Vipassana meditation is a technique of Buddhist meditation that can induce and facilitate transformative experiences for an individual.
It carries with it a rich history of enlightening many people and being lost and found several times over. It is most famously known as the method of meditation that Gautama Buddha used when he became enlightened under the tree.
The aim of the technique is to liberate oneself from the suffering that Buddhists claim to be intrinsic in life, to be able to remain objective in the face of physical and mental pain and to generate compassion for all living beings through loving-kindness meditation.
Perhaps, you’ve heard about Vipassana before but are not really sure what exactly it entails. Keep reading, we are going to go into detail about the history, the philosophy, and the technique itself.

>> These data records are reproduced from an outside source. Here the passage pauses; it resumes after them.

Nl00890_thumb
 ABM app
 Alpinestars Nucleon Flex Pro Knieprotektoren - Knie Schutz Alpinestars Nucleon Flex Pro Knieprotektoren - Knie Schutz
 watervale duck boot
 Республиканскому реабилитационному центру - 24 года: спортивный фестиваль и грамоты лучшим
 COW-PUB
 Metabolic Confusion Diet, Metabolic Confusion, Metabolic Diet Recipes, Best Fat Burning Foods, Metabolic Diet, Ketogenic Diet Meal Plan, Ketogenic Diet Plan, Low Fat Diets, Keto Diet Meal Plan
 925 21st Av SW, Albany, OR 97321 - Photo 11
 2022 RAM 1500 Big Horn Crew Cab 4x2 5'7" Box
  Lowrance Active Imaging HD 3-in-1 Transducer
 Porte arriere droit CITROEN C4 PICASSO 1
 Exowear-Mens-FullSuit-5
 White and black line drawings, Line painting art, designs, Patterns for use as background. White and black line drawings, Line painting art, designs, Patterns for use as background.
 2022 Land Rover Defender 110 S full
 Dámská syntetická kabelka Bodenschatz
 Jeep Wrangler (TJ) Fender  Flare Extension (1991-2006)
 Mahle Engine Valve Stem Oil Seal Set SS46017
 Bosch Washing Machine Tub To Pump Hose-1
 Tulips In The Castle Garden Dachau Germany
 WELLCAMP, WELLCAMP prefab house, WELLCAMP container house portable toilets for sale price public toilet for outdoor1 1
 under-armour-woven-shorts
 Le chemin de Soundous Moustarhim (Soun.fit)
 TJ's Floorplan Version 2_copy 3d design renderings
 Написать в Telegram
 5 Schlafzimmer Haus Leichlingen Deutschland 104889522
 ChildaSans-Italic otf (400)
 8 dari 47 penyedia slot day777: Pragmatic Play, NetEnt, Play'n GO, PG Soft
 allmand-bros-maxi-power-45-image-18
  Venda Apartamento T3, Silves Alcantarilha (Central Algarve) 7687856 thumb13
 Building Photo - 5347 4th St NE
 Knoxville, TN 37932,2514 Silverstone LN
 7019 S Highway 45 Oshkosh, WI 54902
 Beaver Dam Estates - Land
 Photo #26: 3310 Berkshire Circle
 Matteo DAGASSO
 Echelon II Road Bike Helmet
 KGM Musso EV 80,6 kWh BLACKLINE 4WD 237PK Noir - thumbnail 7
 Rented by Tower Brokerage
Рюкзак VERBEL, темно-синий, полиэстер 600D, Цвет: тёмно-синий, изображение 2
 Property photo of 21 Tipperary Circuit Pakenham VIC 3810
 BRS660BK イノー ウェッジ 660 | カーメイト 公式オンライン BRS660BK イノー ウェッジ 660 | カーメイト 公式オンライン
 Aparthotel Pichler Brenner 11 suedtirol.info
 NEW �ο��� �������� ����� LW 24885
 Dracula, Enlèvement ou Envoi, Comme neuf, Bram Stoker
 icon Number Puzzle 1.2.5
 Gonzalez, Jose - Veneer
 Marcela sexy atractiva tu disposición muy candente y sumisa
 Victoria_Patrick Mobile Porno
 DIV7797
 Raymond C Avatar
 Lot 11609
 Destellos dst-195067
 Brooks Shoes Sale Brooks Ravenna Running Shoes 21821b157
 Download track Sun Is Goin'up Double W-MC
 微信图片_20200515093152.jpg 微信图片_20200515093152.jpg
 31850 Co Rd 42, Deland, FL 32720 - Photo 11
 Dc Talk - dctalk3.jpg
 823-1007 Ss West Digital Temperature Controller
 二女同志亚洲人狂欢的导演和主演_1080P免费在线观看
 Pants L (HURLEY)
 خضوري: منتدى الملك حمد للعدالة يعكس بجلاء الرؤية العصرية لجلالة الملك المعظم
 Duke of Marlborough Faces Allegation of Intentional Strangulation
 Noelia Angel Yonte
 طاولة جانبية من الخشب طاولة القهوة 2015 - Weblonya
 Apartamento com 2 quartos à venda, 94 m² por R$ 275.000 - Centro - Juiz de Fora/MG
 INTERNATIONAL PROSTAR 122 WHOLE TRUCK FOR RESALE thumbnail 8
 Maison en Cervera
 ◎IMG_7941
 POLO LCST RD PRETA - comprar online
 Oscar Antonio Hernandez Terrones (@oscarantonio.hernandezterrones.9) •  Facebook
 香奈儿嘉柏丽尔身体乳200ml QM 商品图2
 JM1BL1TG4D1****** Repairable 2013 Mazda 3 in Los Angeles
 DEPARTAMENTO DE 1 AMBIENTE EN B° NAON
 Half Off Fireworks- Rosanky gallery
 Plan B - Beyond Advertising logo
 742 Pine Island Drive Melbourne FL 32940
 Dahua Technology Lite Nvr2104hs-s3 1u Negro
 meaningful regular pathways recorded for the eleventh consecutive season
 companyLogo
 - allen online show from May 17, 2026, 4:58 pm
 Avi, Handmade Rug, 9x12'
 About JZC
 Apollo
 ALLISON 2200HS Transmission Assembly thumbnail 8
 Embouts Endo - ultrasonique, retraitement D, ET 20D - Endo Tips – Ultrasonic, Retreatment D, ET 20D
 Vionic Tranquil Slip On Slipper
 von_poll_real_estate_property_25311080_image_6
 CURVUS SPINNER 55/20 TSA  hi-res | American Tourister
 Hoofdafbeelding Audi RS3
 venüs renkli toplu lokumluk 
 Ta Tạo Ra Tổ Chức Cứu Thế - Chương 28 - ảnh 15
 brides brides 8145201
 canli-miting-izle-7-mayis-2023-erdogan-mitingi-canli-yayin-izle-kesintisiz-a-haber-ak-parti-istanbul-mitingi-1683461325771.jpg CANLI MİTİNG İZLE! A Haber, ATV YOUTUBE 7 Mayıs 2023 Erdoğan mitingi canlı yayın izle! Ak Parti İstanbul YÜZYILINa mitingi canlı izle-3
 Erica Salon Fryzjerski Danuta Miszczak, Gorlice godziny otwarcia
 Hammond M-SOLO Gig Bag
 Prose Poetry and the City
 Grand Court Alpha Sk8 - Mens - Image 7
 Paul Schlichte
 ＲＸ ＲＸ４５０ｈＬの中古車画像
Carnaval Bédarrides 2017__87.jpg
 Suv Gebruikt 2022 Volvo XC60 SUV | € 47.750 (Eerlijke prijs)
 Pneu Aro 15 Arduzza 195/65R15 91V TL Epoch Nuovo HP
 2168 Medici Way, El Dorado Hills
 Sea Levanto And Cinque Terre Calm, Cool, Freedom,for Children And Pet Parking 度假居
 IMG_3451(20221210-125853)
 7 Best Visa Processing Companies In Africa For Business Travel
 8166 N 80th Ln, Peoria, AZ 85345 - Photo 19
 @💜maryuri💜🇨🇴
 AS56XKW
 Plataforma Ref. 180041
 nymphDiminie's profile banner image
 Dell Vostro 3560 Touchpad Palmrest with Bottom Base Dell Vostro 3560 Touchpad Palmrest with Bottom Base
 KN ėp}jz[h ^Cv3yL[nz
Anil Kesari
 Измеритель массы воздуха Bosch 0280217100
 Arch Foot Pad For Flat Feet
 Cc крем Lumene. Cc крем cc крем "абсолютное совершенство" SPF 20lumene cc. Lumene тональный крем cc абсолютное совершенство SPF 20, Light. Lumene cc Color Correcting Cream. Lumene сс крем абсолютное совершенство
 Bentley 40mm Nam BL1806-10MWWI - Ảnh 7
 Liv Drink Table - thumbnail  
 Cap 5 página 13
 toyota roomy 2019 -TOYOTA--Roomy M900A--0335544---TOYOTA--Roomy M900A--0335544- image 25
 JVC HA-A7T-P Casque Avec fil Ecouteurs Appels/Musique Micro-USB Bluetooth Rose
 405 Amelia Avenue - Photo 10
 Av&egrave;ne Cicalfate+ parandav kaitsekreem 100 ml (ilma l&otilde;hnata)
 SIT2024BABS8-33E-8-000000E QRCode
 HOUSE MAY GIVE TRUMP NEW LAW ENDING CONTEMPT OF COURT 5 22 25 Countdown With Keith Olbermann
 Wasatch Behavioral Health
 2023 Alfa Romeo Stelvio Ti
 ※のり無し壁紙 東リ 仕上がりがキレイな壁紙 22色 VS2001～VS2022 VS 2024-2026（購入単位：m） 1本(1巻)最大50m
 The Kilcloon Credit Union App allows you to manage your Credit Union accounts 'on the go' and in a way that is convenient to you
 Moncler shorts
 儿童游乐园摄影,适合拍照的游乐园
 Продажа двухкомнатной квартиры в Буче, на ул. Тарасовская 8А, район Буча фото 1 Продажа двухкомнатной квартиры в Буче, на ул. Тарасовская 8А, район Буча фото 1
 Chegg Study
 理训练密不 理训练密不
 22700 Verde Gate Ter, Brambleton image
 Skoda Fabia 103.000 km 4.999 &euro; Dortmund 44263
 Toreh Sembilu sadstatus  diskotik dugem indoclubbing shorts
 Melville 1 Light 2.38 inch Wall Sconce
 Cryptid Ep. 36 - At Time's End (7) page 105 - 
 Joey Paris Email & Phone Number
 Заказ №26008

We are also going to tell the story of S.N. Goenka, the man who made it possible for people everywhere to learn this technique for free at Vipassana meditation retreat centres around the world.

The History of Vipassana Meditation
The word ‘vipassana’ literally means ‘bare sight’ or ‘to see things as they really are’. It is one of India’s most ancient techniques of meditation. It is said to have existed long before Gautama the Buddha or Siddhartha Gautama himself, who live from the fifth to the fourth century BCE.
Gautama Buddha was revered as an enlightened being (Buddha) that rediscovered the technique and ancient path of training the mind to transcend craving and aversion. This path is also known as ‘Dhamma’ or ‘Dharma’.
As the story goes, Siddhartha Gautama renounced his life as the son of aristocratic parents and dedicated himself to the path of enlightenment. Being utterly motivated to achieve enlightenment and understand the realm of pain, he sat beneath a tree and made a strong determination that he would not move until he became fully enlightened.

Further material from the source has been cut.